Once the terms are defined, a term-sentence matrix is formed. The job of the automatic summarization system is to choose a small subset of these vectors to cover the main ideas (terms) in the document. The QR Matrix Decomposition iteratively chooses the vector with the largest weight. Then the weights of the remaining sentences are updated to emphasize ideas not contained in the first sentence.
- Parse the document for terms using the Brill tagger [Bri93] (in this approach, terms are equivalent to ideas)
- Create a term-sentence matrix A: if word i appears in sentence j, the value of Aij should be 1 . If it doesn’t, it should be 0 .
- Algorithm does as follows (looping):
- Choose a sentence by measuring the norm (euclidean length) of its column,and choose the one with highest value.
- Remove that sentence (column) from A
- Subtract 1 from all the words (rows) from A that belong to the sentence above (this is called decomposition)
- At each stage of the algorithm, the next sentence that we choose is the one with the largest norm.
- Create weighting factors of sentences by their position in the document:
- Nonzeros in column j of matrix Aw are (gexp(-8j/n)+t) times those in A.
- N is the number of sentences, g and t are parameters TBD.

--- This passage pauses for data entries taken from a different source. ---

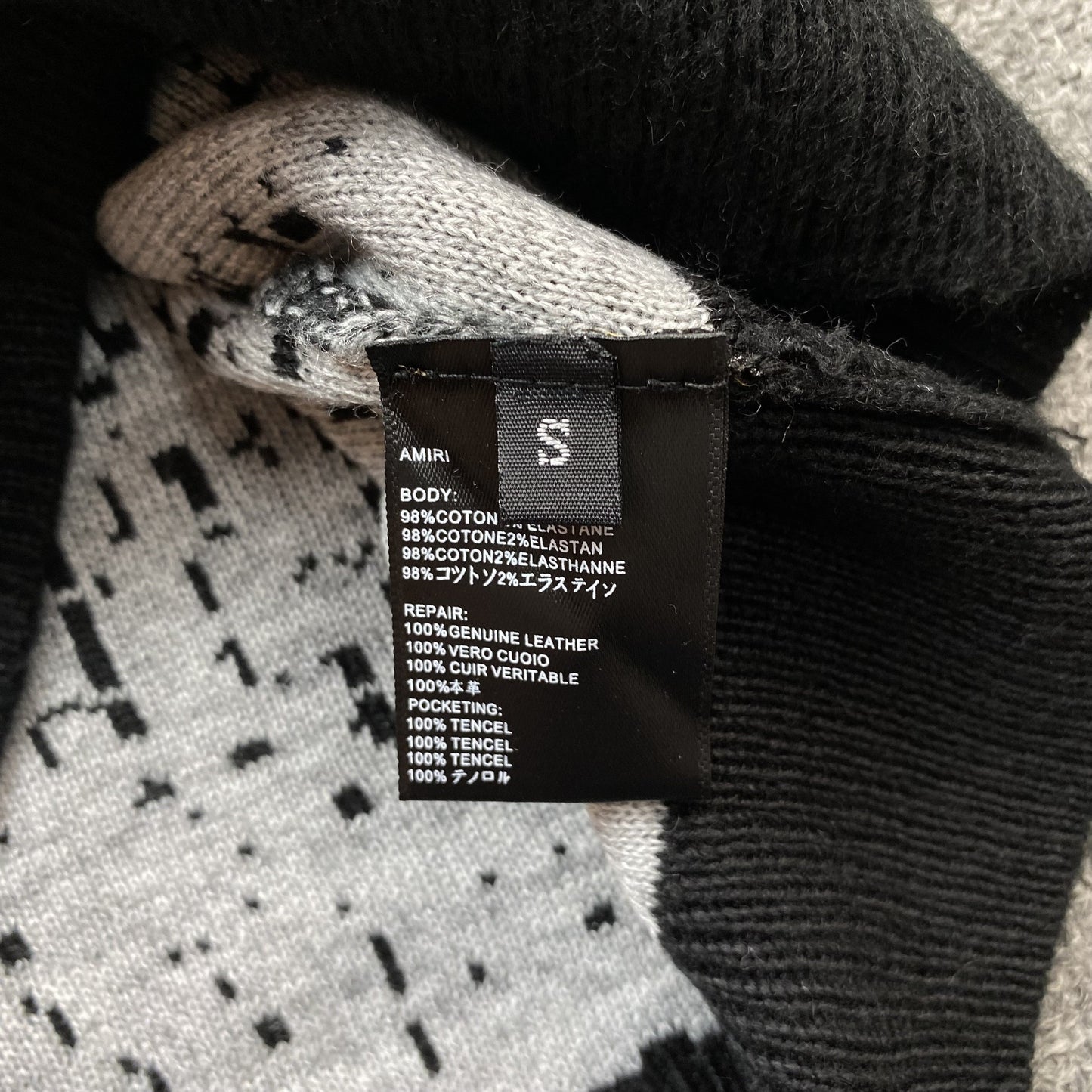 AMIRI STAGGERED GRADIANT CREWNECK GREY Status Shipping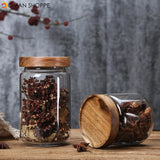 Wood Lid Glass Airtight Canister Kitchen Storage Bottles Jars Food Container Grains Tea Coffee Beans Grains Candy Jar Containers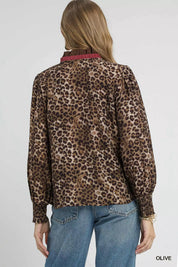 UMGEE Ruffle Trim Leopard Print Shirt on Simply Obsessed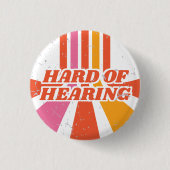 Orange 70s Typography Retro Hard of Hearing 缶バッジ (正面)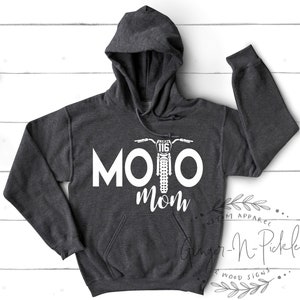 Moto Mom Personalized Dirt Bike Hoodie, Add Your Rider Name and Number to the Bike Hooded or Crewneck Sweatshirt, Moto Race Day Sweatshirt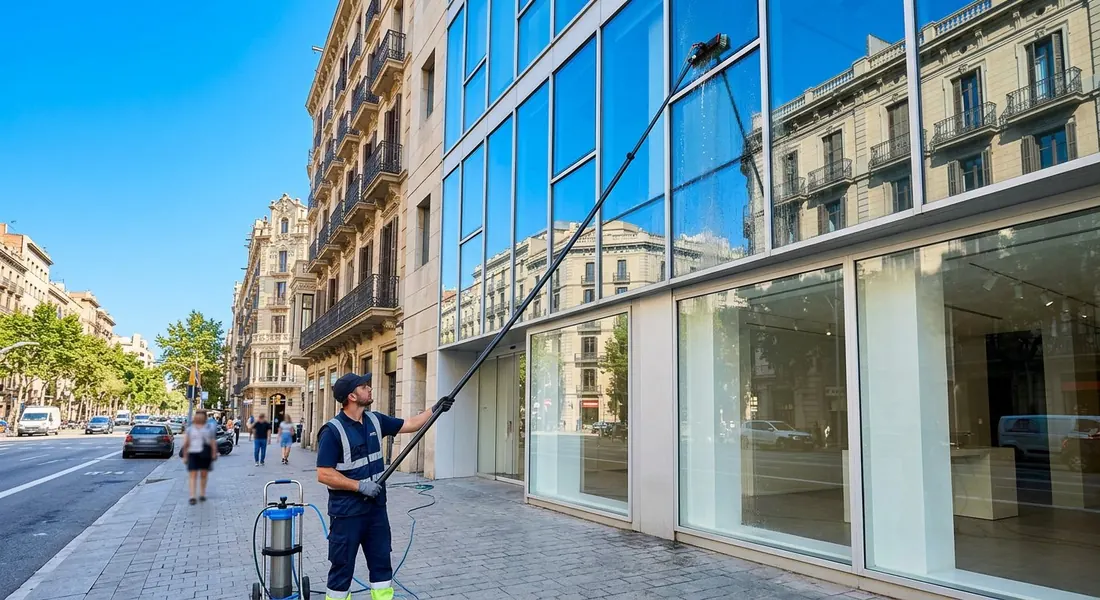 Limpieza de cristales de fachada con pértiga de agua pura en un edificio de oficinas de Barcelona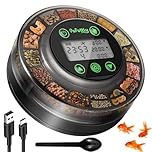 Papettly Automatic Fish Feeder for Aquarium - Rechargable Auto Food Dispenser for Tank with USB Cable & LCD Display, Timer Turtle Feeder for Weekend Holiday with Feeder Spoon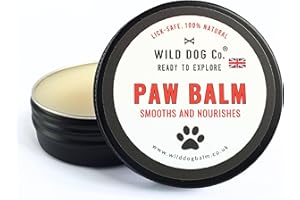 WILD DOG CO Dog Paw Balm for dogs cracked dry paws and pads, itchy paws, hot spots, stop licking, allergies, paw butter, nose balm, lick safe, made in the UK, 30g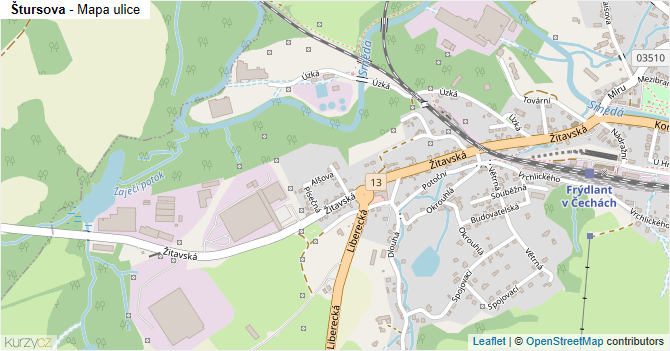 Štursova - mapa ulice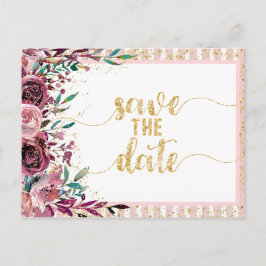 Cartão Postal De Anúncio Flores de Blush Stripes e Casamento Dourado Salve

- Using a training (development) set of documents, the parameter t is determined so that the function above has a tail approx. the same height as the histogram of the distribution of summary sentences.
c. Given t, we determine g and the percent of the document to capture by
maximizing F 1 . F 1 = 2r/(kh + km)
kh is the length of the human summary, km is the length of the
machine generated summary, r is the number of sentences they
share in common.
Hidden Markov Models The HMM has two kinds of states, corresponding to summary sentences and non-summary sentences.
Features are:
- Position of the sentence in the document
- Position of the sentence within its paragraph
- Number of terms in the sentence -> log(number of terms+1)
- How likely the terms are, given a baseline of terms -> log(Pr(terms in i | baseline)
- How likely the terms are, given the document terms -> log(Pr(terms in i | document)
The model has 2s+1 states, with s summary states and s+1 non-summary states. The model has 2s free parameters (the arrows). The probability of transition between summary states 2j and 2j+2 is the number of times sentence j+1 directly followed summary sentence j in the training documents, divided by the number of documents.

The model has three parts:
- p, the initial state distribution
- M, the markov transition matrix
- B, the collection of multi-variant normal distributions associated with each state.
Finally, there are two method for extracting summaries with k sentences. The first one simply chooses those sentences with the maximum posterior probability of being a summary sentence. The second uses the QR decomposition described above to remove redundancies.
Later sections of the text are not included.